Reproduce word for word, from the entries below, the line with "Retro Aussie Dad", the line with "Skechers Women's 9", and every line between them, and nothing more.

**THE DATA:**
■ ■ ■ ■ ■ ■ ■

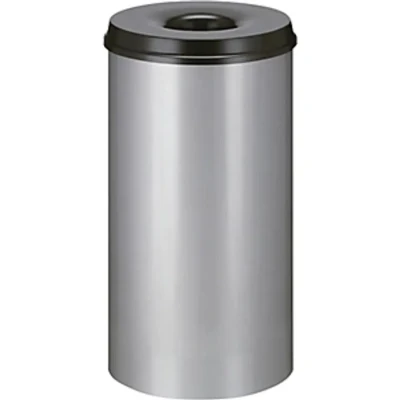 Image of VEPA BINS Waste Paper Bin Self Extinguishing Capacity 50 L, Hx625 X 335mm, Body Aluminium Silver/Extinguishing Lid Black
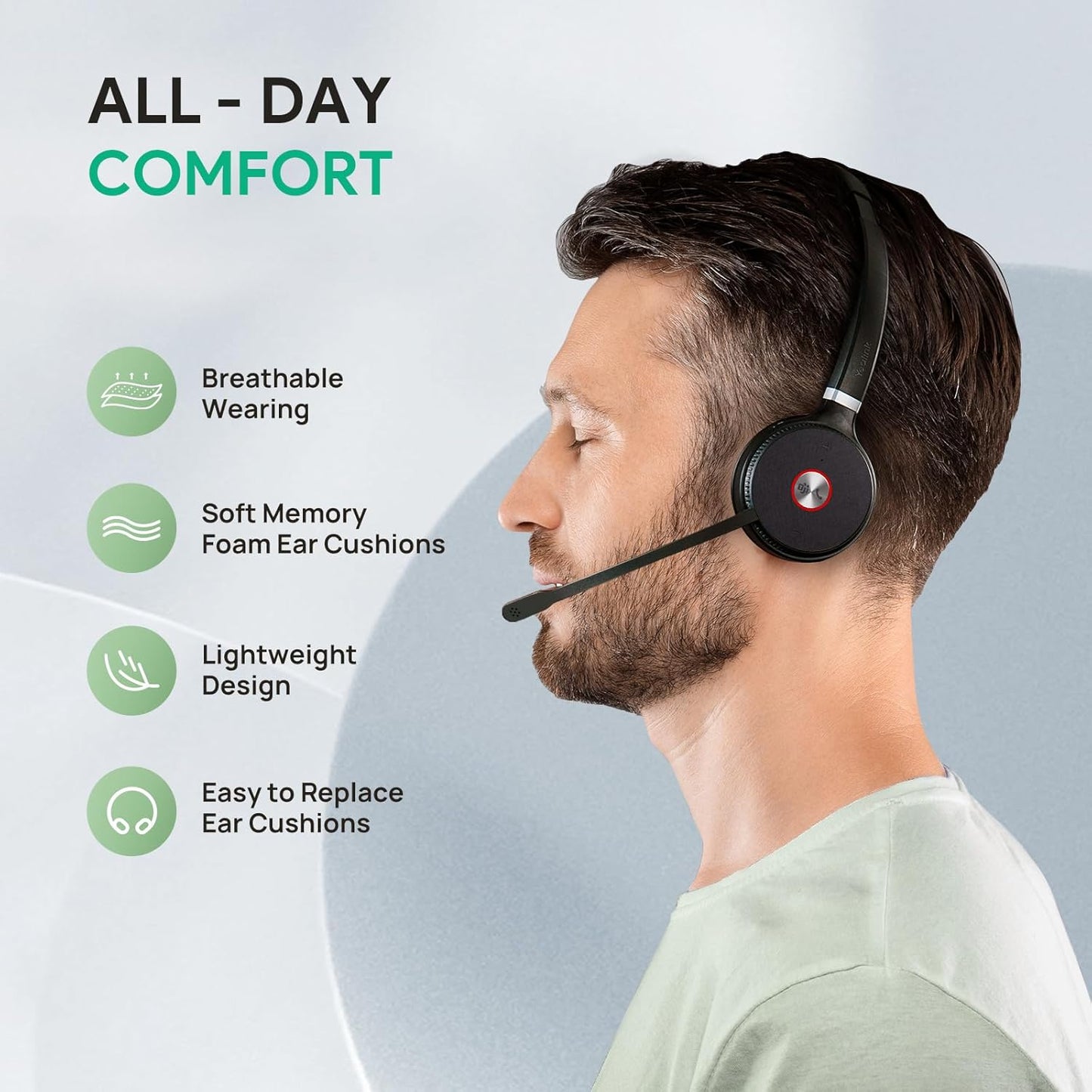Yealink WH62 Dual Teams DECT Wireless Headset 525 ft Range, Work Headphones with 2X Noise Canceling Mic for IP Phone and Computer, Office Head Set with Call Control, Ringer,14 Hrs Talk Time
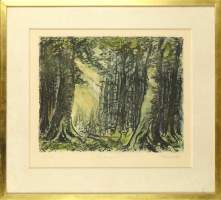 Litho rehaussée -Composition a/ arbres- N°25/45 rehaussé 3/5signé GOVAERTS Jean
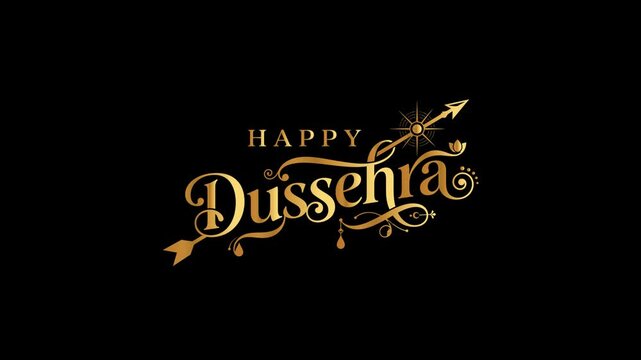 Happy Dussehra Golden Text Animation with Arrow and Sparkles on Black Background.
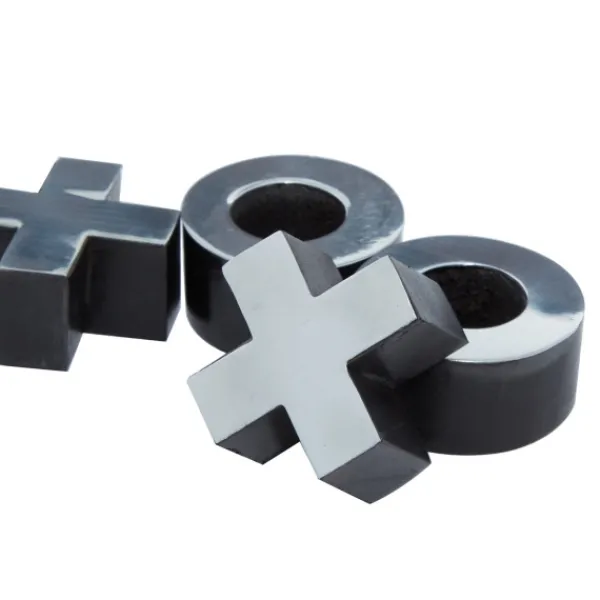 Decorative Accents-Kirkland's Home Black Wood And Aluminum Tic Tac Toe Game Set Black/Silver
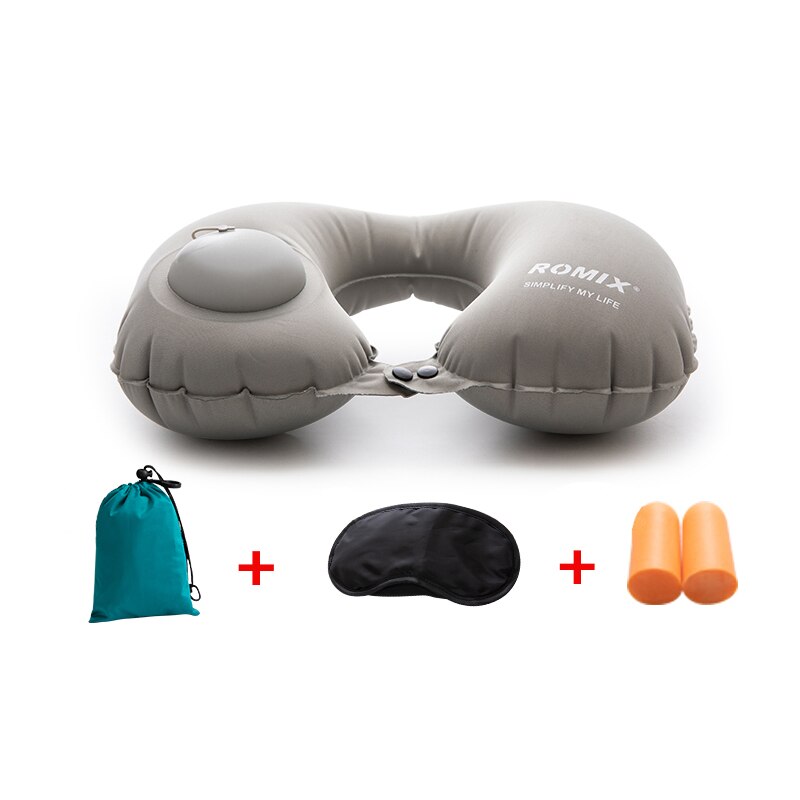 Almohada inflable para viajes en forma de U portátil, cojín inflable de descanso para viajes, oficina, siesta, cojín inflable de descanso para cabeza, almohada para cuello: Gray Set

■ ■ ■ ■ ■ ■ ■

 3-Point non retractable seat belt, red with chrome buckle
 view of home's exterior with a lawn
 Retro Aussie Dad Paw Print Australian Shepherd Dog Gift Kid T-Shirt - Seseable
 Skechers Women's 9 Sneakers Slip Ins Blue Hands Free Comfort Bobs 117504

■ ■ ■ ■ ■ ■ ■

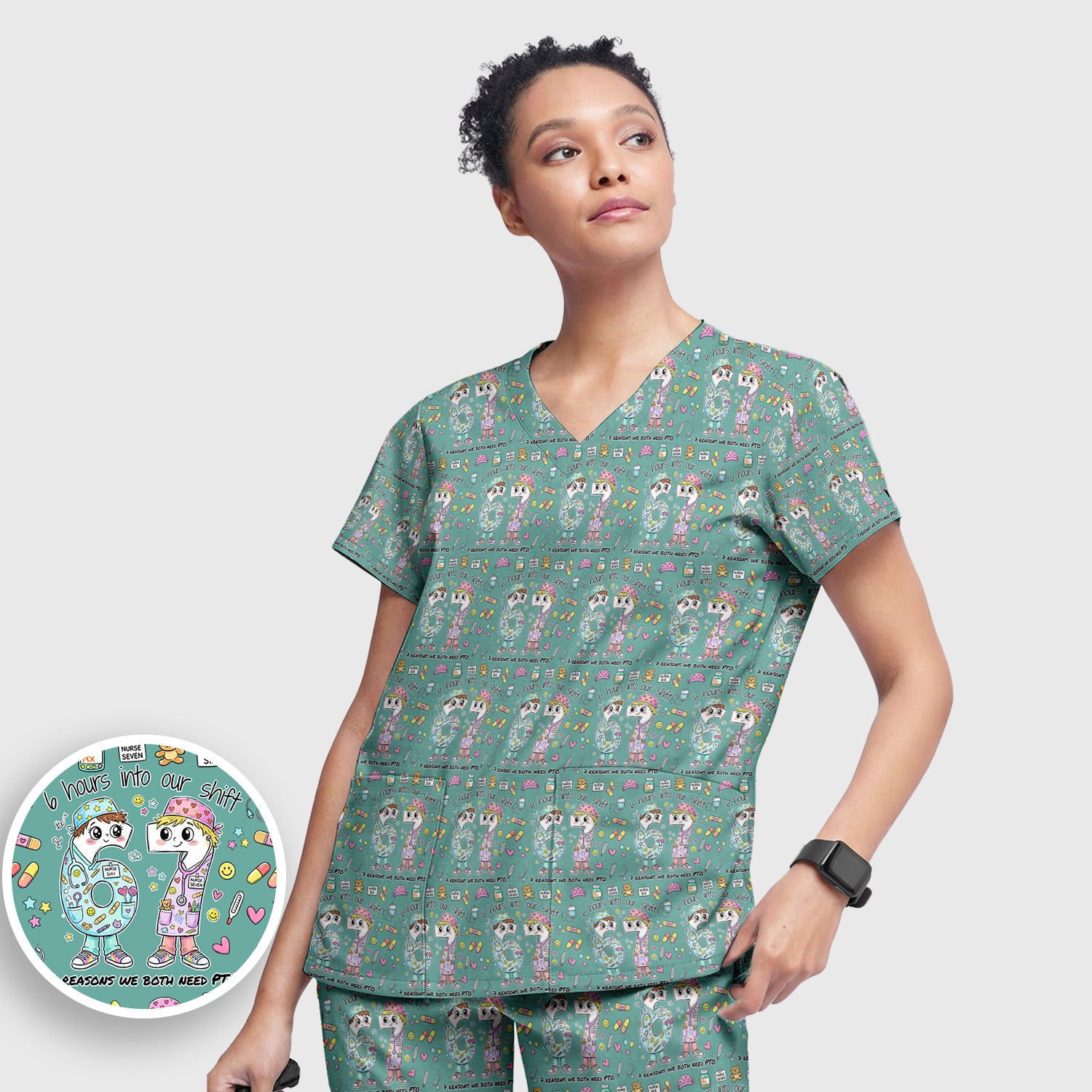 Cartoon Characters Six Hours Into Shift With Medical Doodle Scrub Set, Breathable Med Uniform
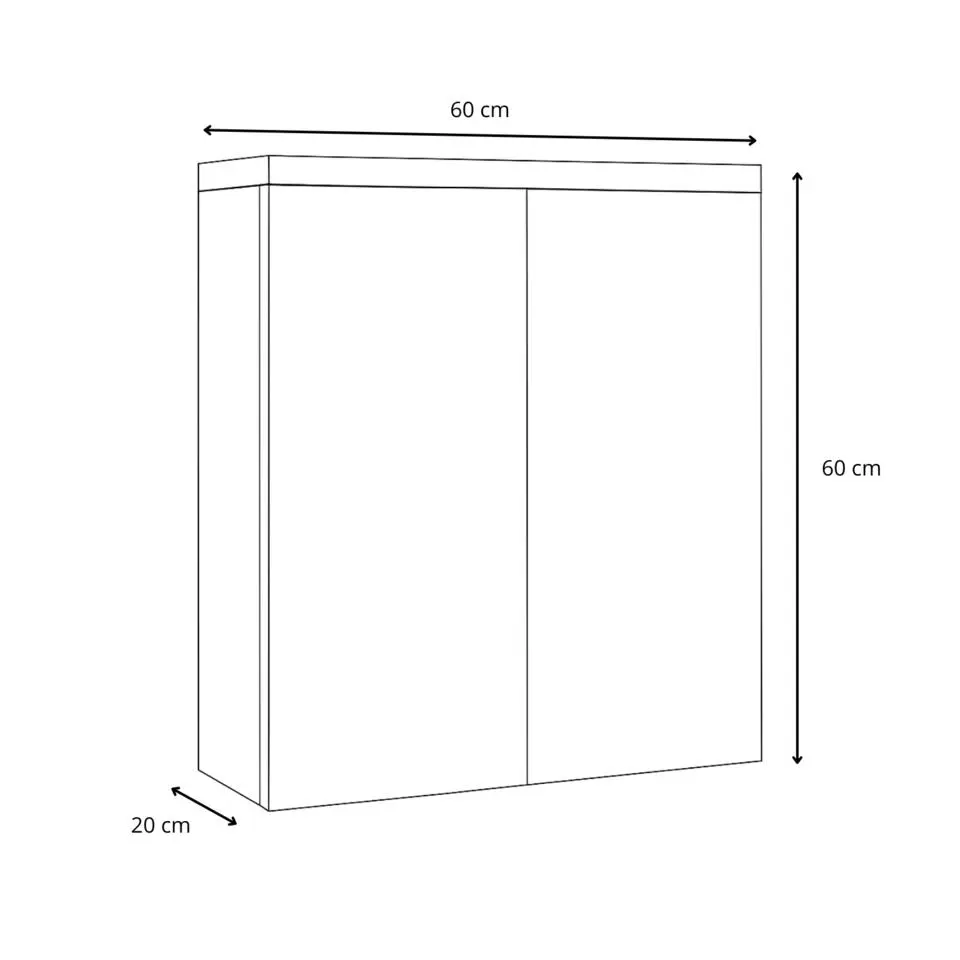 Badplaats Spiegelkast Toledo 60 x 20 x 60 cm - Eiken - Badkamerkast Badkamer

■ ■ ■ ■ ■ ■ ■

**PROBLEM SOLUTION:**
 Retro Aussie Dad Paw Print Australian Shepherd Dog Gift Kid T-Shirt - Seseable
 Skechers Women's 9 Sneakers Slip Ins Blue Hands Free Comfort Bobs 117504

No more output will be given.